In the scenario proposed by Christoph Pfrommer and Torsten En▀lin cosmic ray protons serve as an energy storage medium. These particles are able to store a part of the energy released by group-cluster and cluster-cluster collisions in the relatively thin gas inside clusters. This energy can be stored for billions and billions of years and will not be emitted until the fast cosmic ray protons collide with gas particles. The denser the gas within the centers of clusters of galaxies the more frequent these particles collide. During such collisions the fast protons create mostly pions. Many of the pions decay into electrons and positrons which gyrate around magnetic field lines of the cluster of galaxies. Because of the rapid circular motion the electrons radiate their energy which can in turn be detected by radio telescopes after a long cosmic journey (cf. Fig. 3).

Calculations show that comparatively few cosmic ray protons are necessesary to reproduce the observed radio glowing. Moreover, there exists an astonishingly good consistency between the predicted radio brightness distribution using this model and the measured radio data (cf. Fig. 4).
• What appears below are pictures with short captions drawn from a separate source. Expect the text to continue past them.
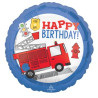 First Responder Happy Birthday   Folienballon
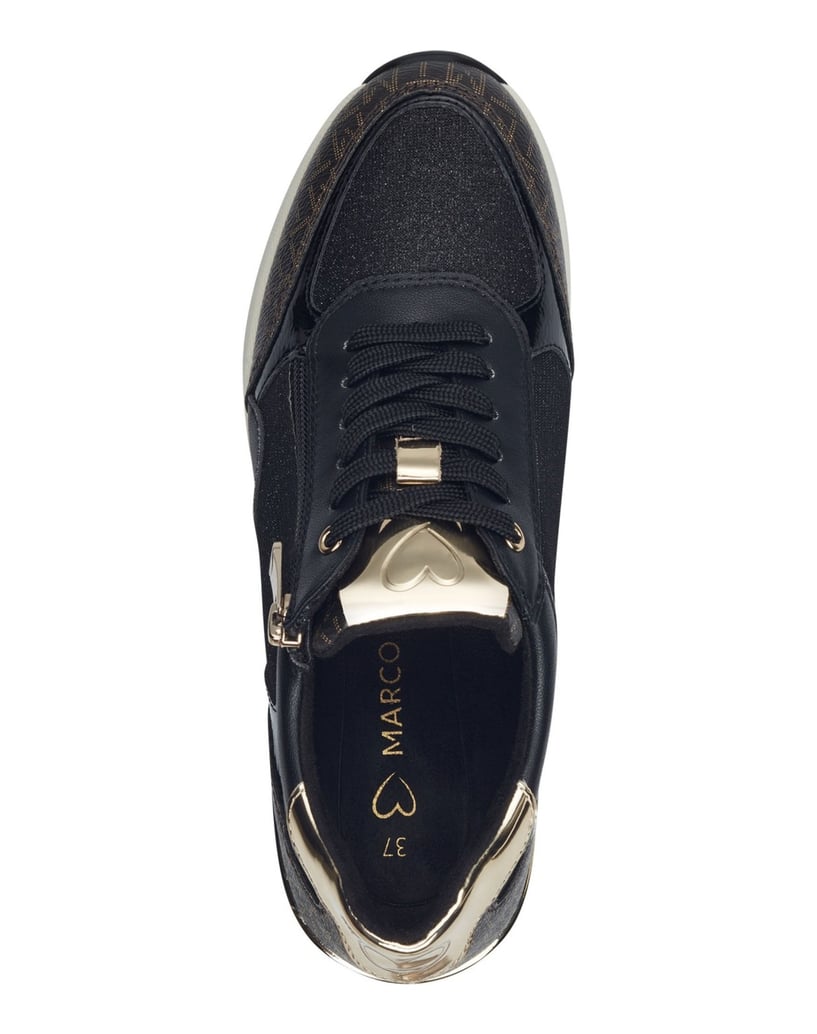 Marco-Tozzi-Sneaker-schwarz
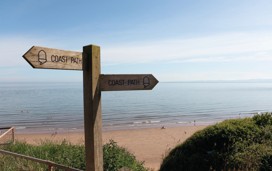 Step into those stunning sea views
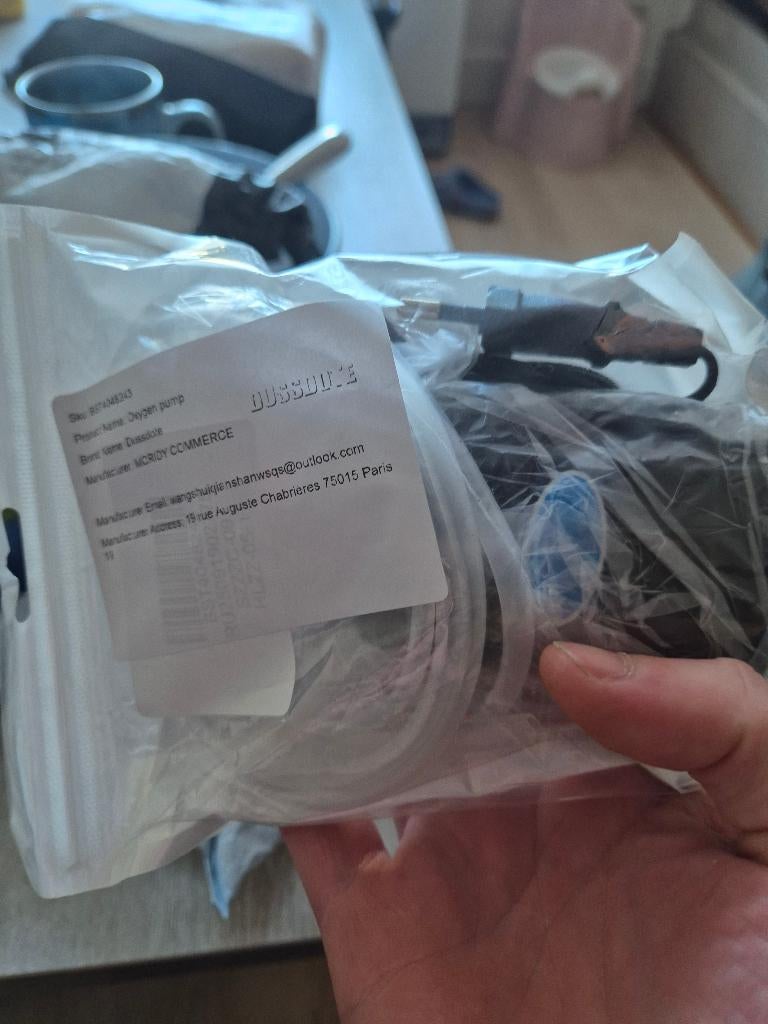 Zuurstofpomp aquarium, Dieren en Toebehoren, Ophalen, Nieuw, Filter of Co2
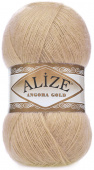 Турецкая пряжа Ализе ANGORA GOLD 95 беж
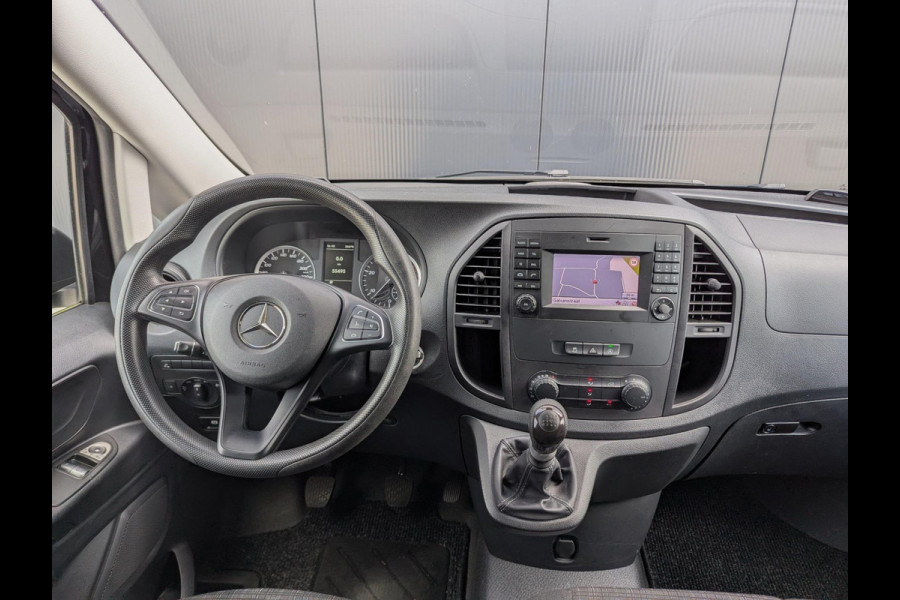 Mercedes-Benz Vito 114 CDI LANG AIRCO CRUISE NAVI EURO 6 METALLIC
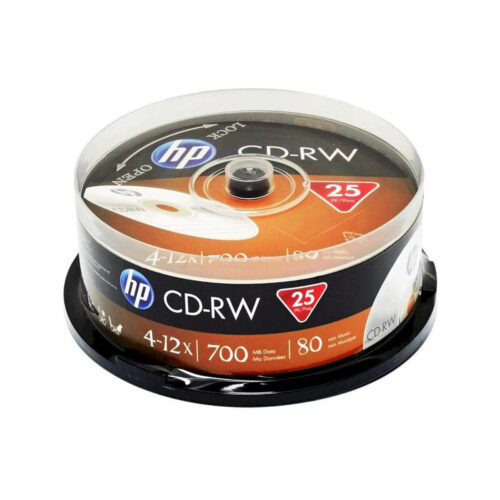 Płyty CD-RW Verbatim HP cake box (25szt)
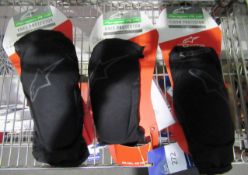 3x Alpine Stars- Paragon Plus Knee Protector Level 1 RRP £150 sizes XS and 2x XL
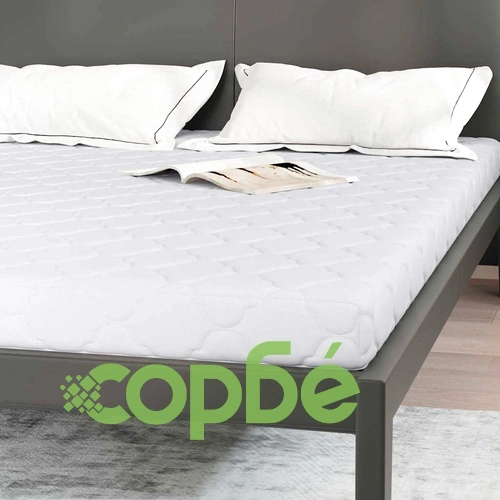 Матрак с кокосов слой и PU пяна 200x140x10.5 см бял средно твърд ➤ топ цена ➤ sorbe.bg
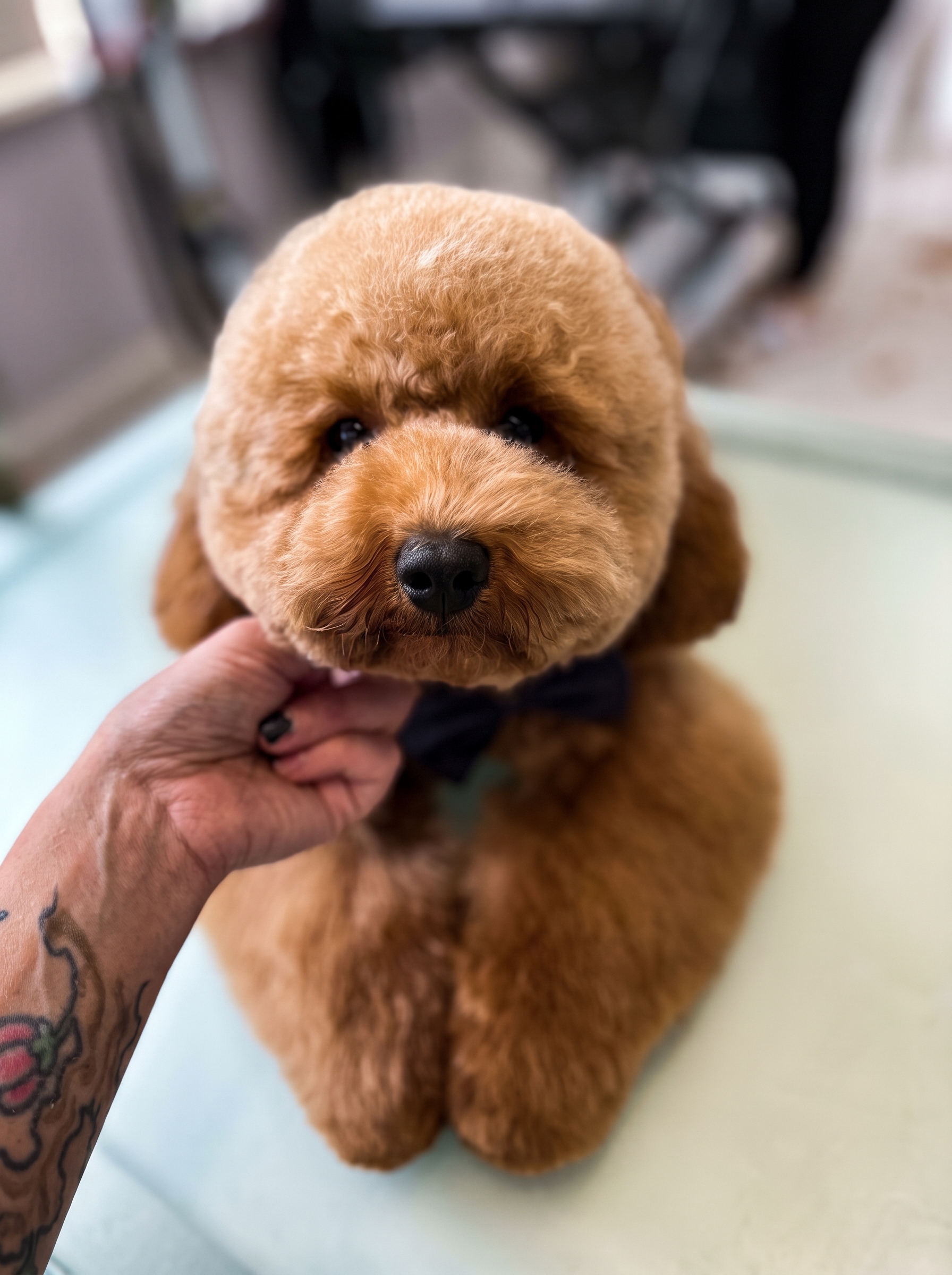 Tratamento de pelagem e finishing de grooming em São Mamede de Infesta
The described particle interactions should also release high-energetic gamma ray emission which can be detected on Earth using Cerenkov telescopes. The recent gamma ray observation of the Virgo galaxy cluster using such a telescope (HEGRA) could be a first indication of the correctness of this scenario. Conclusive information about this model is being expected with the launch of the future satellite mission GLAST (start date 2006).